A lei que proíbe a mutilação, associada à condenação em tribunal, as denúncias crescentes e uma maior sensibilização sobre os efeitos nocivos para a saúde são as razões que sustentam a previsão de Aissatu.
"É uma questão de tempo até desaparecer. Vai chegar esse dia histórico em que a futura geração vai questionar-se sobre os relatos de algo que acontecia no passado", acrescentou.
"No trabalho de terreno, verificamos que muita gente desconhece a lei e o mal que estão a fazer: pensam que a excisão é uma coisa boa", mas muitas acabam por abandonar a prática depois de perceberem os riscos.
Aissatu Camará Indjai tem a perceção de que o número de casos "não está a crescer" e de que existe "um aumento de denúncias", apesar de as queixas ainda estarem muito aquém do esperado.

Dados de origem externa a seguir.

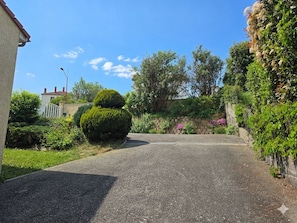 Une rue résidentielle avec une allée pavée, une haie bien entretenue et un ciel bleu dégagé.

"O guineense não tem por hábito denunciar e até tem medo de o fazer", referiu, ao mesmo tempo que realçou o facto de a lei também prever penas para quem não expuser casos de excisão.
A 17 de dezembro, o Tribunal Regional de Bissau condenou a três anos de prisão efetiva três pessoas responsáveis pela mutilação genital de três crianças do sexo feminino, com um, cinco e sete anos de idade.
Foi a segunda vez que a prática da excisão foi julgada num tribunal guineense - o primeiro julgamento aconteceu em 2011 em Gabu (leste) com os implicados a serem condenados a penas suspensas.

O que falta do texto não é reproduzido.